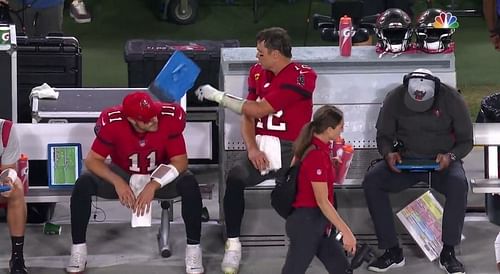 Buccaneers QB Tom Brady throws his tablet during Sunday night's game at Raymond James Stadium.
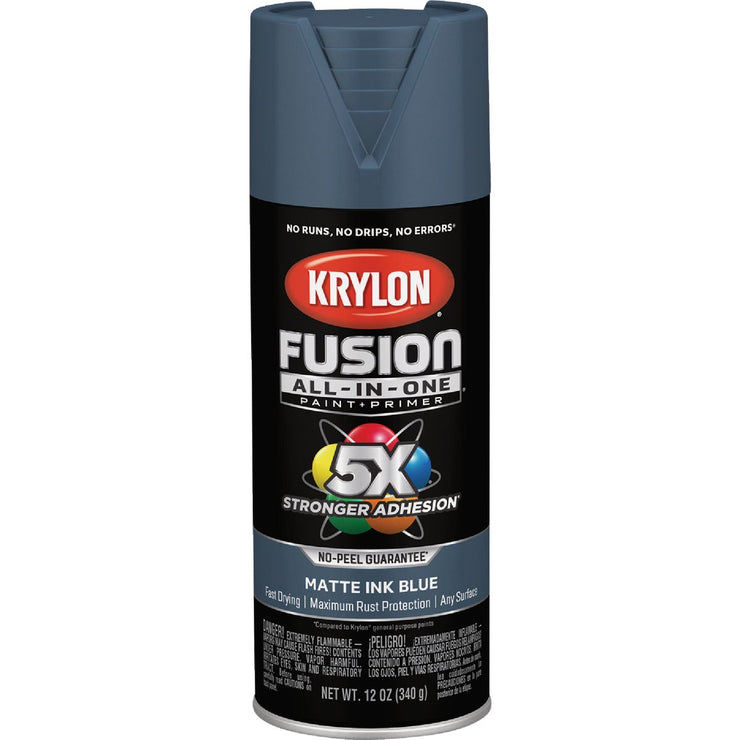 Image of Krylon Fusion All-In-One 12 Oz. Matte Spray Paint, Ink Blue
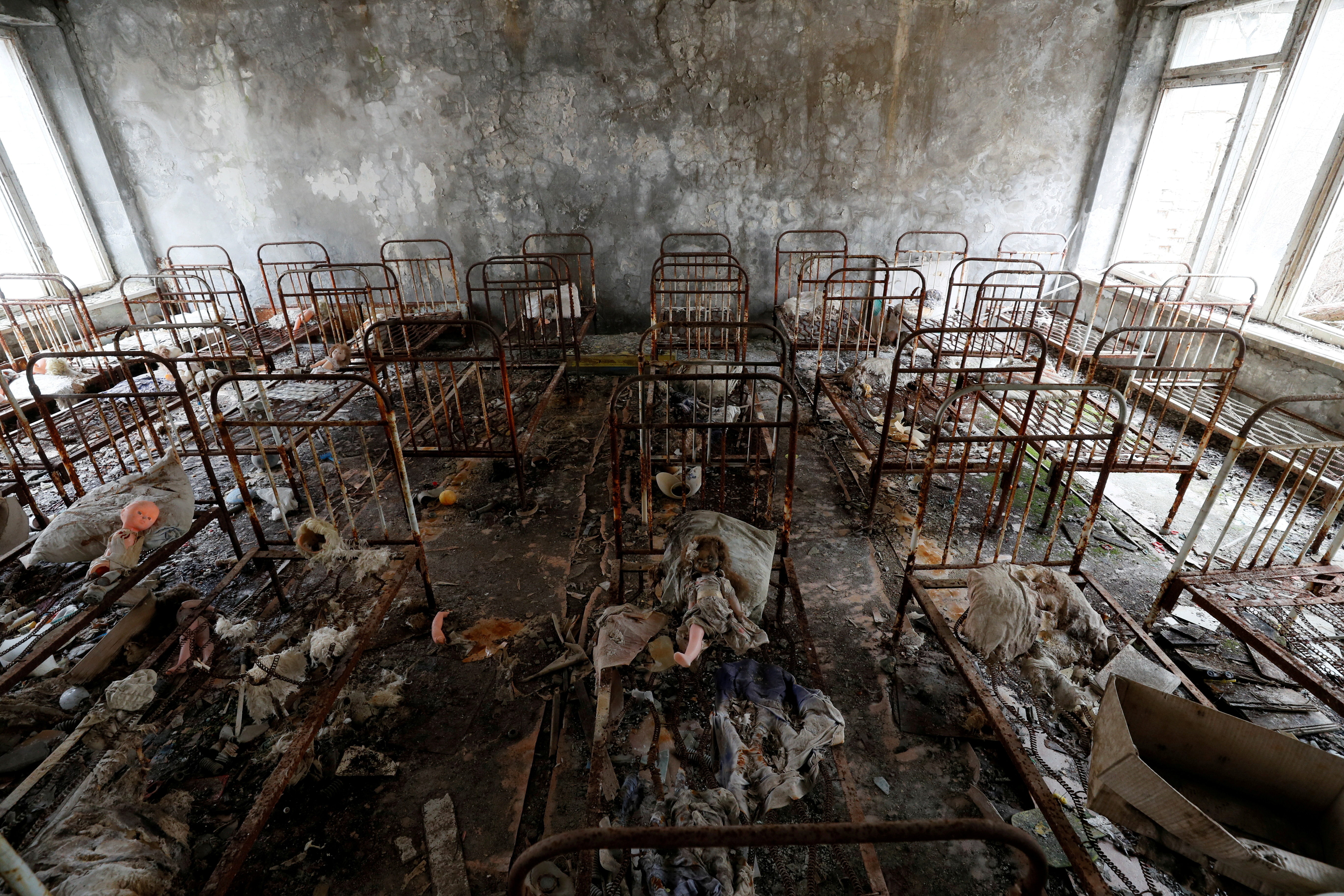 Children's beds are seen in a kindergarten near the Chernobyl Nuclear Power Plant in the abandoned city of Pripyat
============
Aim of the exercise:
Reproduce word for word only the lines between the line containing "Image of Krylon" and the end of the listing above, both included, and drop any pictures.

Task result:
 Image of Krylon Fusion All-In-One 12 Oz. Matte Spray Paint, Ink Blue
 Children's beds are seen in a kindergarten near the Chernobyl Nuclear Power Plant in the abandoned city of Pripyat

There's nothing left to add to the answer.